Ce mélange d’univers a façonné chez Zohran une vision transnationale de la citoyenneté, il se veut ni occidentale, ni orientale, mais résolument humaine. Loin des codes classiques du pouvoir américain, il revendique un style direct, inclusif, militant, héritier de l’Afrique des indépendances et des débats panafricains.
New York n’est pas seulement une ville, mais une idée. Celle d’une diversité possible, d’une cohabitation fragile entre communautés, d’un espace où se réinvente le monde. C’est à ce modèle que Mamdani veut redonner sens, un «contrat social urbain» fondé sur la participation citoyenne, la redistribution et la justice environnementale.

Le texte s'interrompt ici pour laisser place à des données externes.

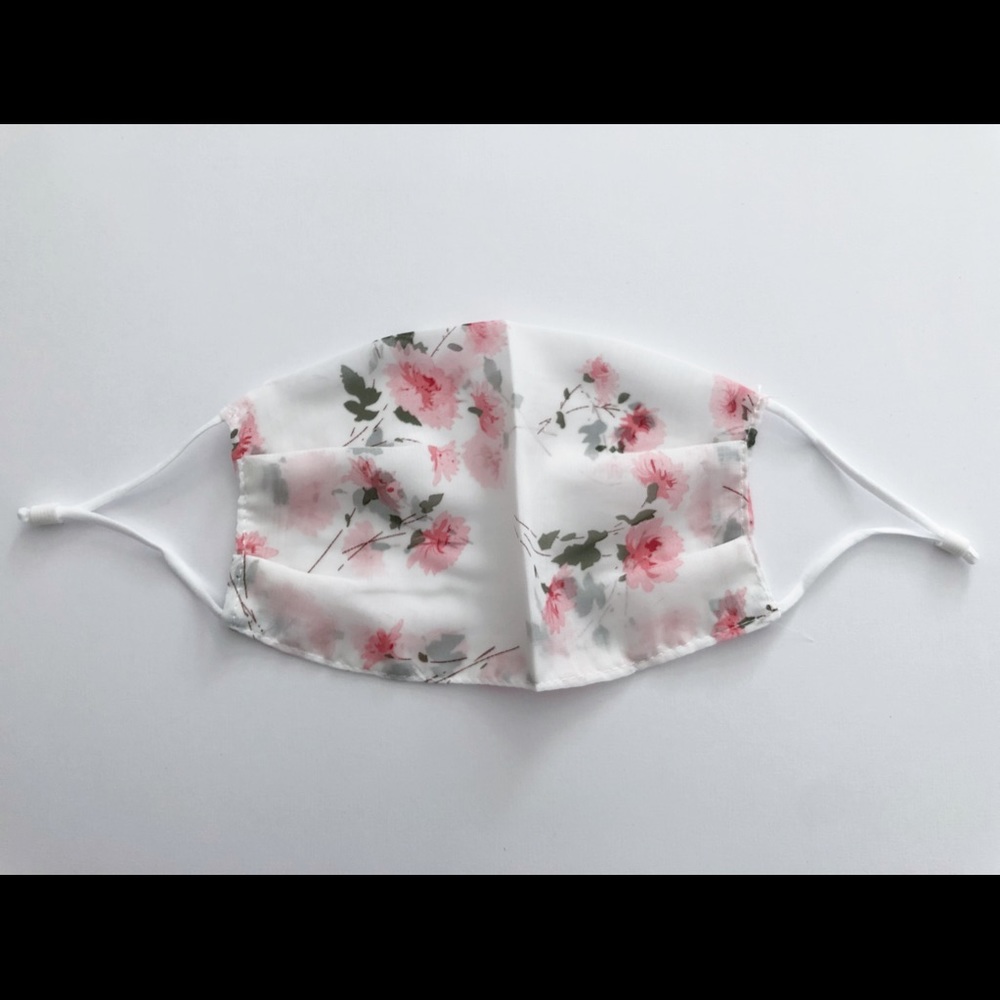 ❗️❗️SOLD❗️❗️WASHABLE AND REUSABLE FACE MASK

Son mandat s’annonce semé d’embûches notamment l’endettement municipal, la pression immobilière, la polarisation idéologique et la méfiance croissante envers la gauche radicale. Mais il s’appuie sur un socle d’idées puissantes– celle d’une Amérique repensée depuis ses marges, à la lumière de son héritage africain et diasporique.
L’écho d’un monde ancien dans la modernité
Dans l’histoire politique récente, rares sont les figures qui, comme Zohran Mamdani, incarnent une continuité aussi forte entre la pensée et l’action, entre l’Afrique intellectuelle des années 1970 et la gauche urbaine américaine du XXIe siècle.
Son ascension n’est pas seulement celle d’un homme mais symbolise la revanche des exilés, des cosmopolites, des héritiers des luttes anticoloniales. Dans le sillage de son père, il fait vivre cette idée que la migration n’est pas un exil, mais un prolongement du combat pour la dignité.
À travers Zohran Mamdani, l’Afrique parle à New York, et New York, à son tour, redonne à la politique américaine un souffle venu d’ailleurs: celui des humanistes, des résistants et des rêveurs d’un monde plus juste.